Given entries:

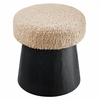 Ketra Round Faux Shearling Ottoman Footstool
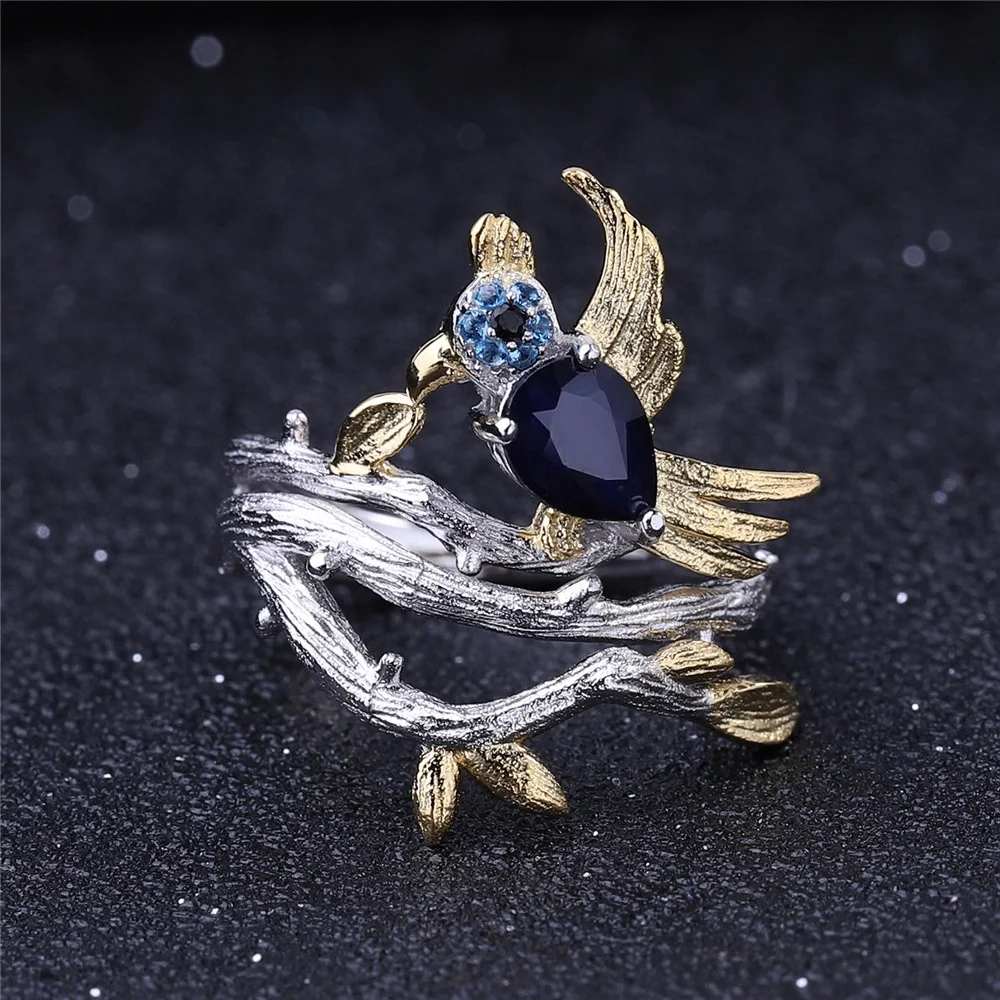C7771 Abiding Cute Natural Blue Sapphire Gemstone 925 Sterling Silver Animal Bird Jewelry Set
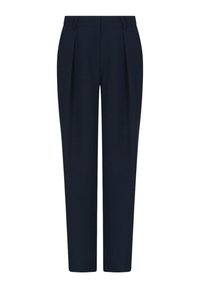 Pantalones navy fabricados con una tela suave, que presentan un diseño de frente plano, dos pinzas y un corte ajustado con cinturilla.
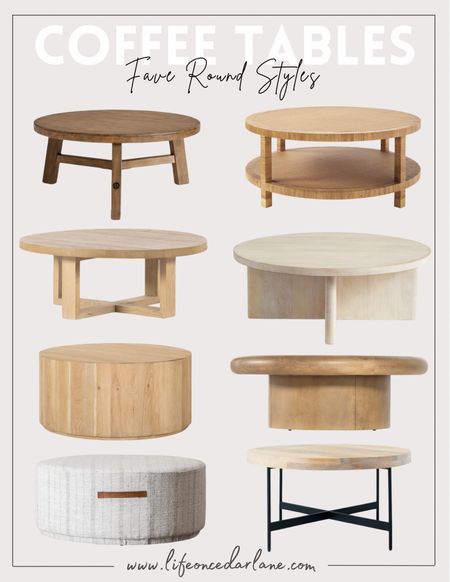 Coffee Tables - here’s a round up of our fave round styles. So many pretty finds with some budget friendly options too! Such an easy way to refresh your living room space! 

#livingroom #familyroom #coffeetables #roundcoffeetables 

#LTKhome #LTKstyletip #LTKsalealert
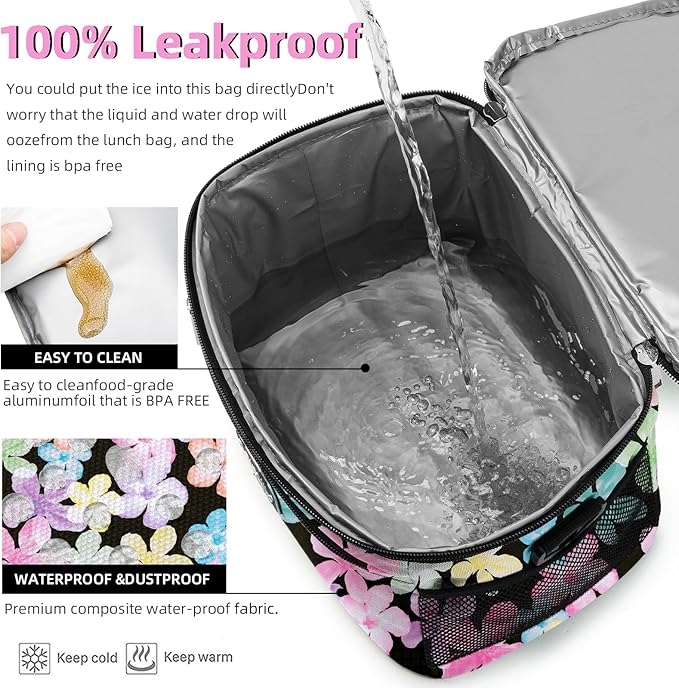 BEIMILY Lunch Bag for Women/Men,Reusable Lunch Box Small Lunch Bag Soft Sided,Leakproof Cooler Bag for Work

Task requirements:
Skipping all pictures, set the listing down exactly as written.

Completed task:
 Ketra Round Faux Shearling Ottoman Footstool
C7771 Abiding Cute Natural Blue Sapphire Gemstone 925 Sterling Silver Animal Bird Jewelry Set
 Pantalones navy fabricados con una tela suave, que presentan un diseño de frente plano, dos pinzas y un corte ajustado con cinturilla.
 Coffee Tables - here’s a round up of our fave round styles. So many pretty finds with some budget friendly options too! Such an easy way to refresh your living room space! 

#livingroom #familyroom #coffeetables #roundcoffeetables 

#LTKhome #LTKstyletip #LTKsalealert
 BEIMILY Lunch Bag for Women/Men,Reusable Lunch Box Small Lunch Bag Soft Sided,Leakproof Cooler Bag for Work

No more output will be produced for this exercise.